Future Hall of Famer John Smoltz made his long awaited debut tonight against the Washington Nationals, and I would say it went…okay. I say okay because after Smoltz gave up four runs in the first inning, he settled down and pitched four solid innings after.

The final line for Smoltz – five innings, seven hits, five runs, one walk, and five strike outs. He threw 92 pitches, 62 of them were strikes. Not great, but not bad either. It was really the first inning that did Smoltz in.

Even at 42, and with all of Smoltz’s experience, there are still nerves, anxiety and even rust. That was clearly the case in the first inning. He was missing his target with his fastball and his breaking stuff wasn’t that sharp. He hung two curveballs to Josh Willingham and Josh Bard that I could have hit.

I was really surprised Smoltz and Varitek stuck with the breaking ball for a good part of that inning. Smoltz threw over 30 pitches in the first, and I would say that close to 70 percent of those pitches were something offspead. It wasn’t very Smoltz-like.

Smoltz was okay in his debut

Smoltz was okay in his debut

Why his pitch selection was so surprising to me, was because his fastball was consistently clocked in the low-90’s. He even hit 94 on the gun to one batter. I would have thought he would have thrown his fastball more. Establish the fastball and then work in the offspead/breaking stuff.
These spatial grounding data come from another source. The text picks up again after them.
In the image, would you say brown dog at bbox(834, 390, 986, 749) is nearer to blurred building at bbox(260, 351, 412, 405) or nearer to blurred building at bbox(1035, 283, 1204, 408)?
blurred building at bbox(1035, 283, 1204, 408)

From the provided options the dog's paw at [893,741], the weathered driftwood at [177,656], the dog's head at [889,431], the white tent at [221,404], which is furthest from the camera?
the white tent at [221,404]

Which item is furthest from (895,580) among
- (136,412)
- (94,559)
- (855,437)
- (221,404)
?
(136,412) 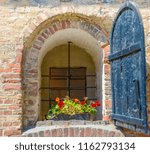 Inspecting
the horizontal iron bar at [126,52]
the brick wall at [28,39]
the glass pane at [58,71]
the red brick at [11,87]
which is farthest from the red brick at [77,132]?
the glass pane at [58,71]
At one point, I didn’t think Smoltz was going to get out of the inning. But thankfully in the National League, the pitchers hit, and Smoltz was able to strike out Jordan Zimmermann to end the inning.

After the first, Smoltz settled down, and pitched very well. He retired the last eight batters he faced and struck out the side in the fifth inning, which turned out to be his last inning of work. In that inning, Smoltz showed that wicked, fall-off-the-table splitter that he is famous for to strike out Bard.

I would give Smoltz a grade of C on his debut performance. Again, he wasn’t great, but he wasn’t terrible either. As George Costanza would say he was “right in the meaty part of the curve.”

If Smoltz can give the Red Sox five innings every start from here on out like he did the last four he pitched tonight, the Red Sox will take it. If you really think about it, that would no different than what Daisuke Matsuzaka gave the Red Sox the past two years.